The College of St. Joseph purchased the historic Clementwood Estate from the Sisters of St. Joseph of Rutland. The property includes a 27-acre lot, a mansion known as Clementwood Estate, a large carriage house, and three cottages. Clementwood mansion was built from 1856 to 1857.
Charles Clement, a major economic leader in the Rutland region, undertook the construction of an elaborate house representing an Italianate villa.
The estate holds an important historical association with the early development of the Rutland marble industry.
Clement gave his estate the name of Clementwood, combining his surname with the maiden name of his wife, Elizabeth Wood.
Shortly after World War II a group in Rutland purchased the estate to establish Rutland Junior College to serve veterans returning from the war.This unsuccessful venture was short lived.
In 1950 the Sisters of St. Joseph Society acquired the estate and utilized the property for the site of its novitiate.

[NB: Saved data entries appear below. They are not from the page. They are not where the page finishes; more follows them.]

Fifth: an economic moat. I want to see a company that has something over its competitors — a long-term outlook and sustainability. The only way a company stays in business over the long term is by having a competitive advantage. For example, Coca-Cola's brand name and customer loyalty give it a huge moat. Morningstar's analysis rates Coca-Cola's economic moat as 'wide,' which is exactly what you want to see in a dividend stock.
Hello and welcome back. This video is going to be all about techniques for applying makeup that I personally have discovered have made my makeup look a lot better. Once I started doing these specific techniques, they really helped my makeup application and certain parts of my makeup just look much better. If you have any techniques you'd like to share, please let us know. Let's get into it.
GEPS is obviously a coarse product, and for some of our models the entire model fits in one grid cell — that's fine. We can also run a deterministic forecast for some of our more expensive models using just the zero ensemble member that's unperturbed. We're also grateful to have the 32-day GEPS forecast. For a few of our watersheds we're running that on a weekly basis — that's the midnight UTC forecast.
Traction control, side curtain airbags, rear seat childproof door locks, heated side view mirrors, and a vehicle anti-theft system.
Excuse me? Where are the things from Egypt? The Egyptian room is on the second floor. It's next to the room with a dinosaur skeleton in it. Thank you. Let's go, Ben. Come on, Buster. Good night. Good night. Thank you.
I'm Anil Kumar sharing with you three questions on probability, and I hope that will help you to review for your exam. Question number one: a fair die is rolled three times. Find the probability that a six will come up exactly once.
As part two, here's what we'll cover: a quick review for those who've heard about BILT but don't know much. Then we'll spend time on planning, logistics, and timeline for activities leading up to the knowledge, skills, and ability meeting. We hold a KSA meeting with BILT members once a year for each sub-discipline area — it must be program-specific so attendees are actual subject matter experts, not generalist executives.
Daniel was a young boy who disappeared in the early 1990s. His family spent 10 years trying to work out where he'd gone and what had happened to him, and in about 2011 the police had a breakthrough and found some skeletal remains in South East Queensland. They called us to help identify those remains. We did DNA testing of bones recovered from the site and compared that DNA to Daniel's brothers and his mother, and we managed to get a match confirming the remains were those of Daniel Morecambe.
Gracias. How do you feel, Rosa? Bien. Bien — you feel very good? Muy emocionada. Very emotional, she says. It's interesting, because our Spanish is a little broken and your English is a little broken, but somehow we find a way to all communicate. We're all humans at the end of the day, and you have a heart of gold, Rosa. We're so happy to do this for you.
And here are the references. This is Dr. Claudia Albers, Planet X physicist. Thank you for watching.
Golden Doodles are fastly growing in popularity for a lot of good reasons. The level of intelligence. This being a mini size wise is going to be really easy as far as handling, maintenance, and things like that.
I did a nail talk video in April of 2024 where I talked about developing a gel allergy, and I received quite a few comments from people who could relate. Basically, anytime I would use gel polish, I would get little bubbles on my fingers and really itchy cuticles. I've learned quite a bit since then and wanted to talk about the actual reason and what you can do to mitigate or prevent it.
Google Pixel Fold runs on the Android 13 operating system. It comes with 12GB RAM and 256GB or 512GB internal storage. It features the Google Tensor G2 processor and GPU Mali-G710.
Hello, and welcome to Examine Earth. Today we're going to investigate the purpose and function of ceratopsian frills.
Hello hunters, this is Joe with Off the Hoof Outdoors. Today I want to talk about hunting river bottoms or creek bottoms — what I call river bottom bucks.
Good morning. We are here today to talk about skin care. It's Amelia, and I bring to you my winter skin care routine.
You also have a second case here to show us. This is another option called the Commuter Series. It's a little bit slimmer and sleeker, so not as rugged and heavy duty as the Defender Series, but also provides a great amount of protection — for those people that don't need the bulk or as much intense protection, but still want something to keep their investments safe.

In 1964 the estate ownership was transferred temporarily to the congregations college, CSJ, to support the development of the organization. The first floor of the mansion was converted into the college library and the upstairs served as housing for some of the sisters on staff. In the early 1980s the Clementwood estate was deeded back to the congregation and until this summer has primarily served as a residence for some members of the Sisters of St. Joseph.
The college will use the buildings on the estate for a variety of purposes to support the college mission, including administrative offices, classrooms, art studios and a seminar/meeting space. Some of the open land on the 27-acre plot will be used to support the colleges athletic and recreation programs.
As the college moves forward in developing the property, it will preserve the historic integrity of this important historical asset for the local region and Vermont. Although now lacking some of its original stylistic features, the house maintains its essential character and recognizable association with the Clement family. ??The purchase of this property has opened up a world of opportunities to accommodate the growth of the college, President Frank Miglorie said.
Once the mansion is fully restored, the college plans to hold an open house for the public to view the facility.